Embodiments of the teachings herein relate to live monitoring of audio captured by multiple spatially distributed microphones. Such captured audio may be used for live-streaming for presentation within an augmented reality or virtual reality context, or may be stored for later rending in that regard. The audio is captured preferably by multiple close-up microphones that are close to and capture the sound sources of interest, and multiple microphone arrays that capture a fuller background integration. The close-up microphones may be tracked in order to facilitate realistic rendering of the tracked sound sources in the final mix.
Consider an example of a musical concert; there may be a close-up microphone near each member of the band who is playing a different musical instrument and/or vocalizing, and further microphone arrays dispersed about the stage and among the concert hall. With recording capability being ubiquitous in personal mobile phones, the close-up microphones may be smartphones themselves and there may be further non-array microphones among the audience that capture sound that is incorporated into the final mix. Capturing a sound environment in this manner can then be processed so as to be presented to a listener as if that listener were are any location, not limited to the specific locations of the microphones themselves; this flexibility in the audio experience presented to the user is considered a free viewpoint (FVP) system.
FIG. 1 illustrates an example of an audio environment with multiple dispersed microphones capturing sound that may serve as the audio input to a FVP system. Positions 1-10 represent close-up microphones, each generating their own audio channel. In some embodiments, at least some of these microphones may generate more than one channel. For example, a stereo microphone may be utilized. Assuming the sound environment is a musical concert positions 1-10 may be positioned near each different band member (guitarist, drummer, lead singer, backup singers, etc.). Positions OP1-OP7 designate microphone arrays and ideally are positioned at locations deemed to best capture the overall audio environment including ambiance. As one non-limiting example each of these can be implemented as a Nokia OZO camera, which has a 360° camera view and omnidirectional audio from 8 microphones (see https://ozo.nokia.com/, last visited Nov. 25, 2016). This environment yields a total of 66 audio channels: 10 from the close-up microphones and 56 OZO channels from the 7 different OZO arrays. If all these channels are processed and transmitted individually to a consumer device over an unmanaged Internet-protocol (IP) network such as a wireless local area network (WLAN), the receiving device will find it difficult (depending on the resource availability) to handle all the content, and further the quality of the WLAN channels over which this content is uplinked, and of the cellular or other WLAN channel over which it is downlinked to the end user, changes dynamically. The difficulties lie in network congestion and latency requirements of the audio being delivered. Embodiments of these teachings are directed to managing this audio content to optimize the end user experience under these conditions of high data volume and unstable radio channel quality.

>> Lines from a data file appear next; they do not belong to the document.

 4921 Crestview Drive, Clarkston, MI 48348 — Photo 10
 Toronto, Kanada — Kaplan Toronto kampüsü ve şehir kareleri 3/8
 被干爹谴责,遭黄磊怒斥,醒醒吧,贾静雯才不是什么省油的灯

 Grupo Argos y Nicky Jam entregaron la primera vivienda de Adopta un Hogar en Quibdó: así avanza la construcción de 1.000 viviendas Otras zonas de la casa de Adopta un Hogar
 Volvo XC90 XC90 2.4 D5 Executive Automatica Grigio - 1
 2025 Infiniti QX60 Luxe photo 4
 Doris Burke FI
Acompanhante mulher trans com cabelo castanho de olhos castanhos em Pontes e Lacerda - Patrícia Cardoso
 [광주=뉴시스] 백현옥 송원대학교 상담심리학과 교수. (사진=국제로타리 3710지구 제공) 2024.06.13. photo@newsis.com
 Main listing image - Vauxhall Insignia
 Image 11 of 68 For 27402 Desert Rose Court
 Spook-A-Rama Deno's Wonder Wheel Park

The currently available solutions that are workable for a FVP audio environment are generally devoted towards dedicated professional hardware over managed audio over IP networks which transmit audio data in a lossless manner. But this is not suitable for prosumer or consumer applications not having access to expensive professional audio equipment and infrastructure. Some relevant prior art teachings can be seen at U.S. Pat. No. 8,856,049 (co-owned), U.S. Pat. Nos. 9,167,346 and 9,165,558; and at US Patent Application Publication Nos. 2016/0300577 and 2011/0002469.